Ринка враз перестала плакать и задумалась.

— Наверное, себя. Наверное. И тебя. И Бабтоню. Всех. И от несправедливости. Что папа сказал — вот ты уже старый, так что это ничего, все старые умирают.

— Ну, взрослым тоже страшно… иногда очень страшно. И у каждого своя хитрость, чтобы побороть страх. Некоторые поэтому оправдывают смерть — возрастом, к примеру. Тогда им кажется, что смерть в семье не такая уж и страшная.

— Но они же тебя прогнали! — запротестовала Ринка.

— Нет, не прогнали. Я и сам был хорош. Не бывает так в семье, чтоб кто-то один. Мы все — виноваты.

— И Бабтоня? — подняла на него наконец глаза Ринка.

— И Тоня, — улыбнулся он.

Отцветшие люпины тихо стояли вокруг — молчаливо и строго. Сердце проглотилось и снова встало на место.

— Так ты не умрешь? — настойчиво спросила его Ринка.

А дед Толик молча обнял ее за плечи.

Двадцать второе августа .

С праздника мы с Женькой в самом конце сбежали — сцапали целые карманы конфет и пошли кормить Витьку. Он чмокает, когда ест конфеты. И он снова улыбался и все говорил: «Ге-еня, Геня».

Когда лето кончится, мы все равно будем дружить с Рудиком и Женькой — мы пригласили друг друга на дни рождения, а потом придумаем еще что-нибудь.

Сегодня я решила вот что. Когда я вырасту, буду тратить зарплату на спасение рыб в ресторане — как дед Толик. Или, еще лучше, — открою приют для редких рыб, которых хотели съесть. А еще — посажу сто тысяч деревьев. И мильон полян засажу. Потом.
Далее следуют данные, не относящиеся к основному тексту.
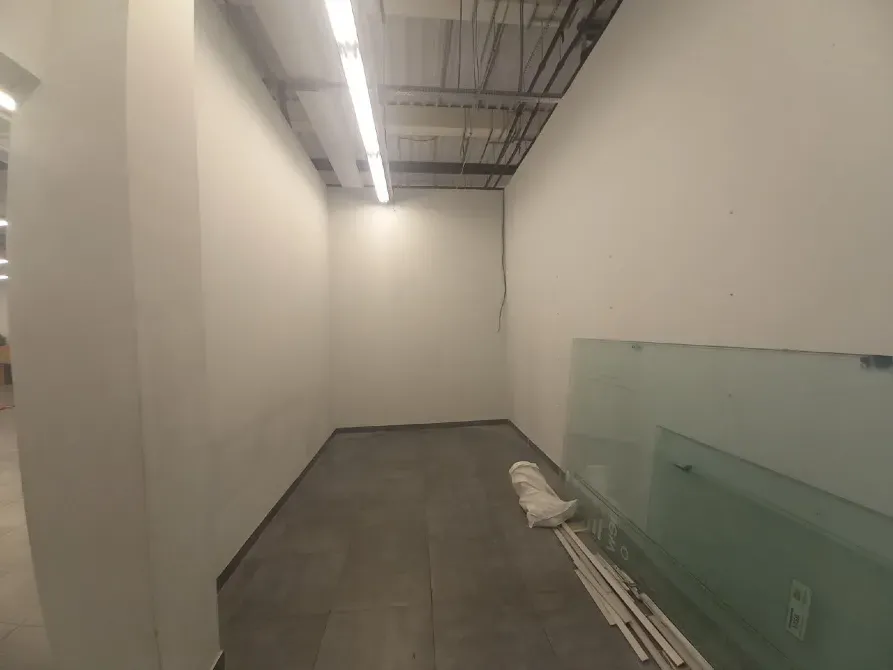 Здається Магазин / салон / торгова точка площа 398 кв.м  Дніпро  Дніпро - фото 2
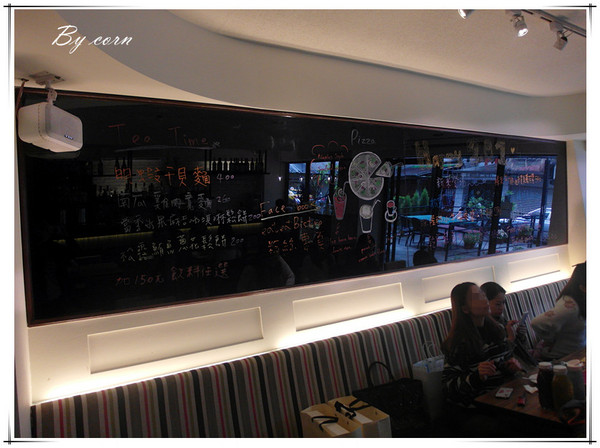 Eat Eat 意義Bistro：【試吃】台北東區§巷弄隱藏美食之藝人簡沛恩開的店→Eat Eat 意義Bistro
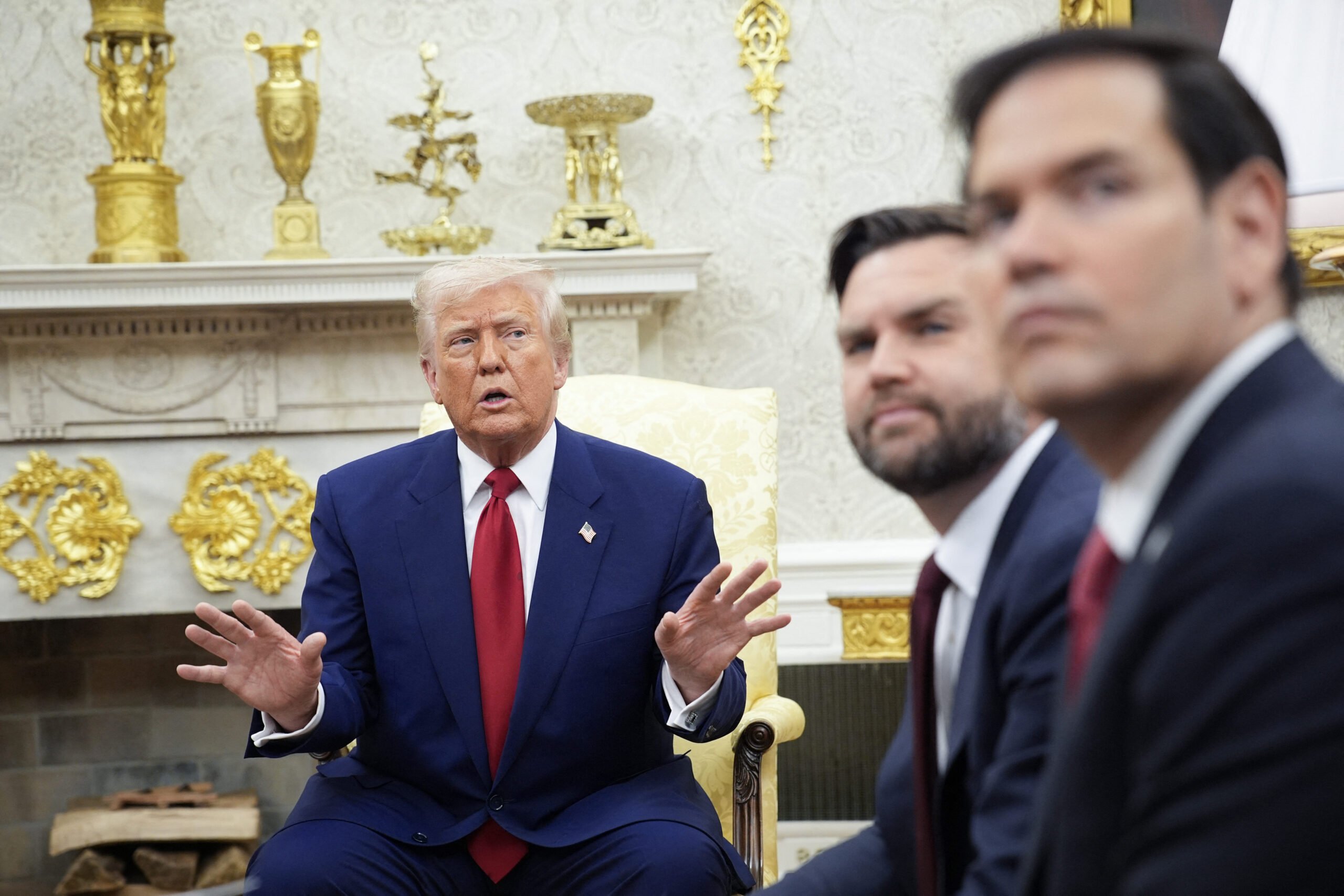 Administrația Trump și aliații europeni: încercare de apropiere sau strategie de influență? În cadrul celei mai recente ediții a Conferinței de Securitate de la München, oficialii americani s-au prezentat într-o lumină surprinzător de caldă și prietenoasă față de partenerii europeni, dar tonul discursurilor a fost, în același timp, cu mare greutate și mesaje ferme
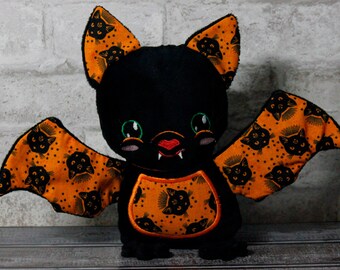 Small Bat Plush, Witch Cat familiar, Embroidered plush, Bat stuffed animal, Halloween Plush, Kawaii plush, Stocking Stuffer for boy, bat cat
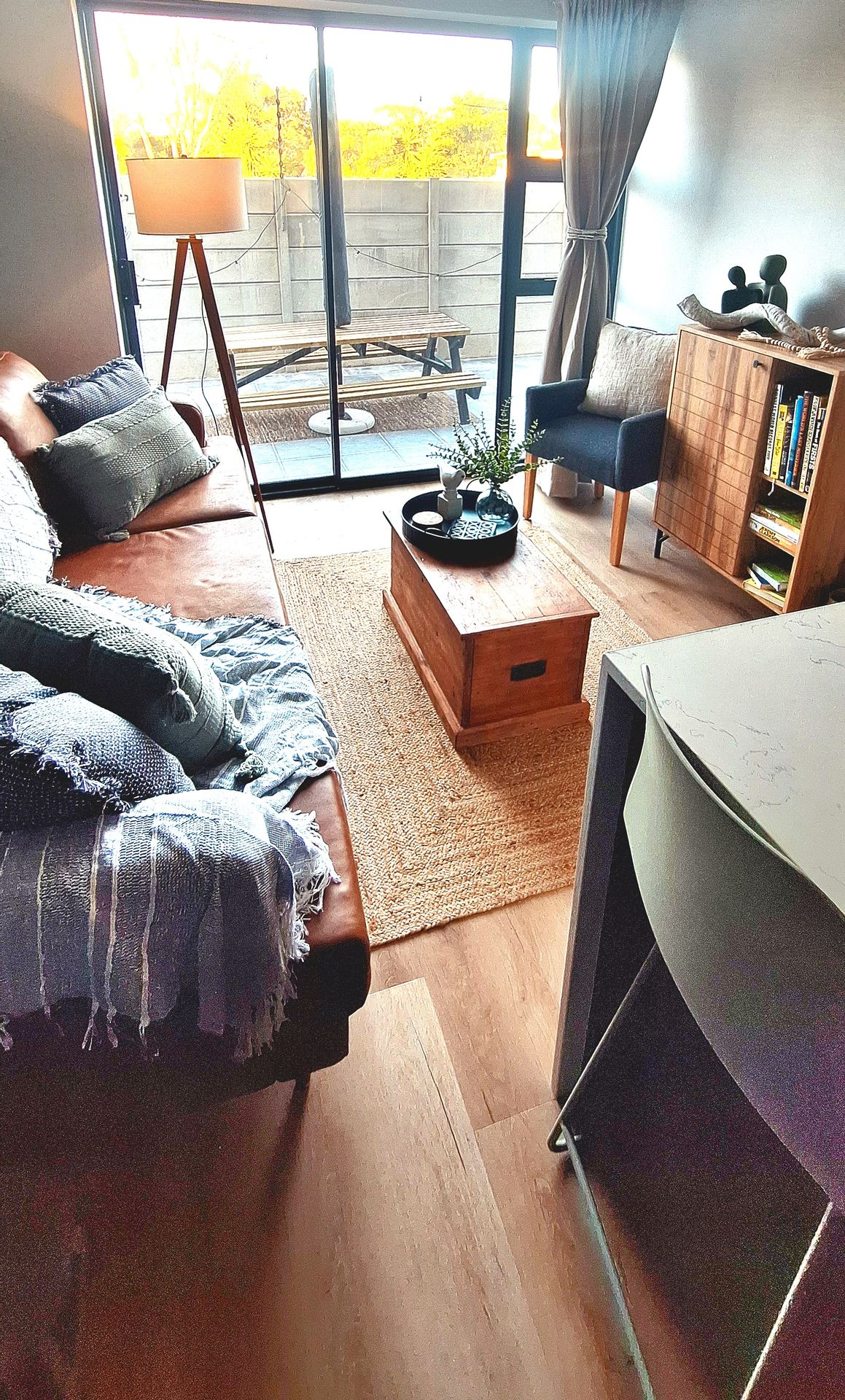 Retreat on 3rd – Living Area, photo 3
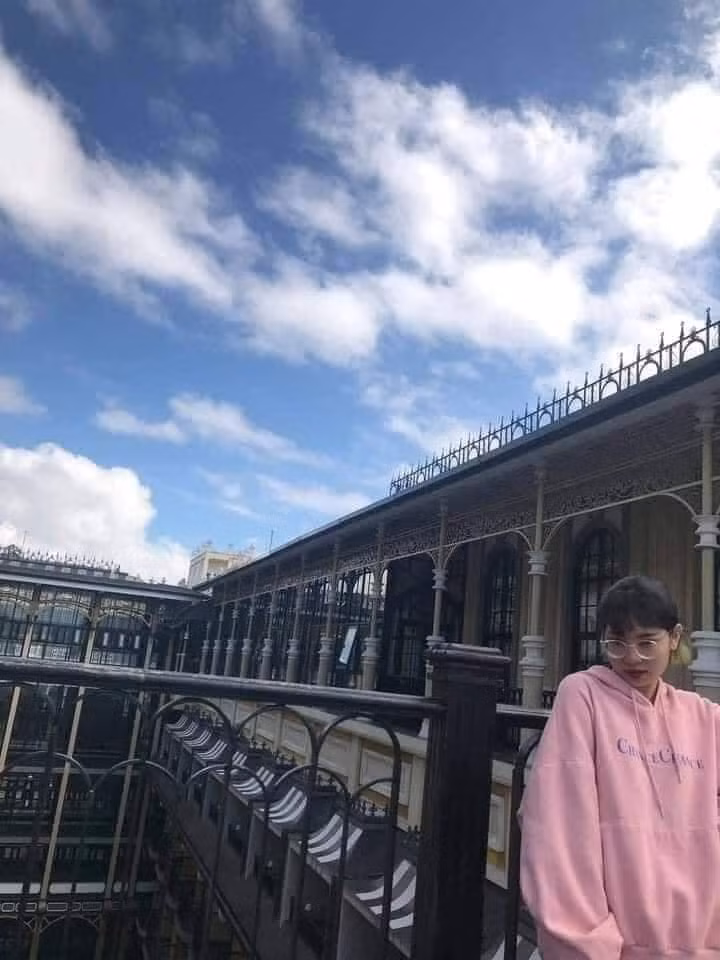 Đúng là không hi vọng thì không có thất vọng mà.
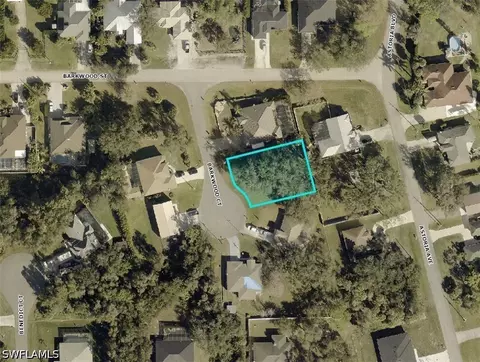 6121 Barkwood Ct, Fort Myers, FL 33905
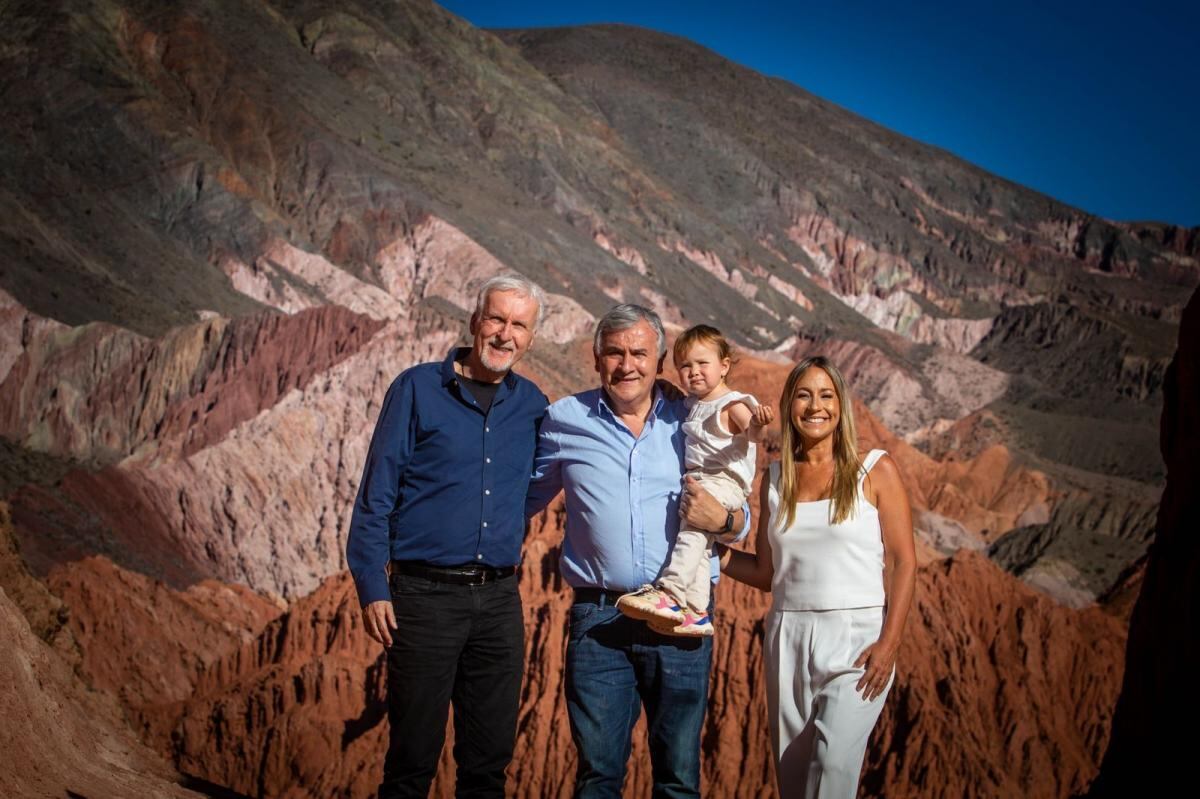 Gerardo Morales y su familia junto al reconocido cineasta canadiense que dirigió algunas de las películas más taquilleras de Hollywood.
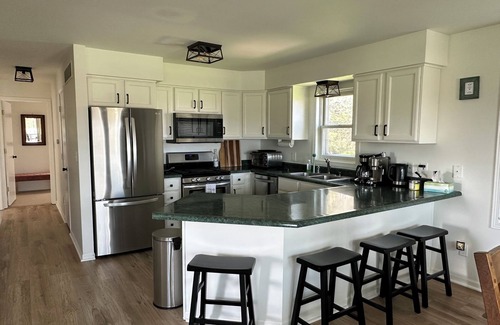 Apple River House | Cozy home with beautiful LAKE VIEW!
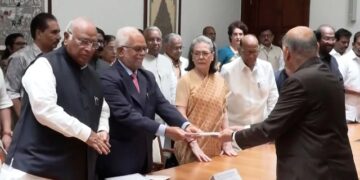 ଉପରାଷ୍ଟ୍ରପତି ପଦ ପାଇଁ ନାମାଙ୍କନ ଦାଖଲ ଭରିଲେ ବି.ସୁଦର୍ଶନ ରେଡ୍ଡୀ, ଆସନ୍ତା ୯ରେ ହେବ ନିର୍ବାଚନ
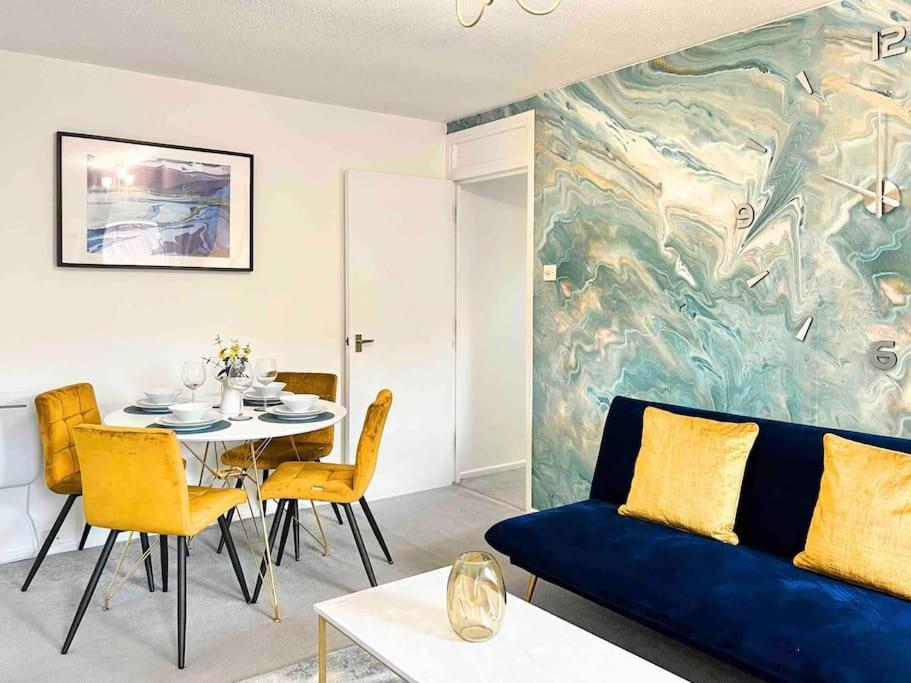 Free Parking - Business Or Relocation - Weekly Or Monthly - 4 Guests By Hofin Stays Short Lets & Serviced Apartment *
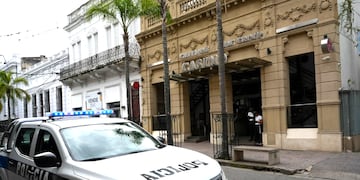 El MPA de Jujuy investiga la muerte de un policía producida en un casino de la calle Alvear, en la capital jujeña.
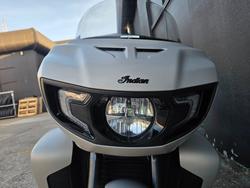 2022 Indian PURSUIT DARK HORSE PREMIUM SILVER QUARTZ SMOKE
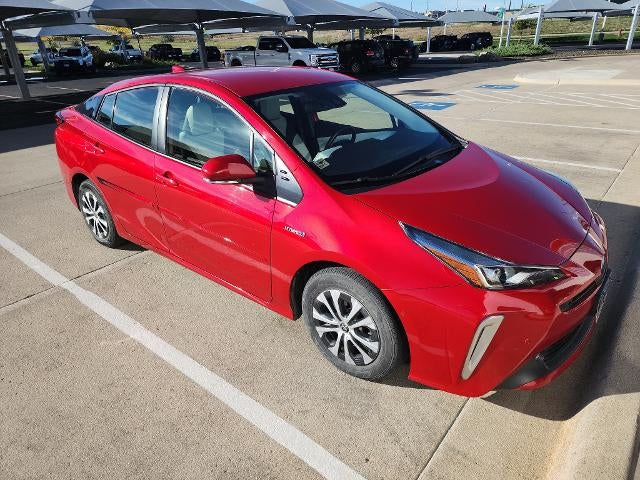 2021 Toyota Prius XLE AWD-e (Natl)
А сначала я сделаю так, чтобы дед Толик не умер. Женька рассказывала — бабушка ее подружки тоже болела раком, и врачи им сказали, что она будет жить только три месяца. А она только посмеялась, собрала все деньги и поехала вокруг света — она давно мечтала, всю жизнь, объехать весь мир. И не умерла, а даже наоборот поправилась и жива до сих пор, уже десять лет. Врачи удивлялись, а она говорила: «Это потому что я счастлива».

Вот увидишь, скоро у меня будет план. Рудик сказал — я не такая, как все, я слышу тишину, я смогла сделать чудо, чтобы поправилась Бабтоня. Значит, я смогу сделать так, чтоб дед Толик выздоровел. Он мне очень-очень нужен. И я что-нибудь тоже придумаю, чтобы дед Толик был всегда счастлив. А счастливые не умирают — правда ведь?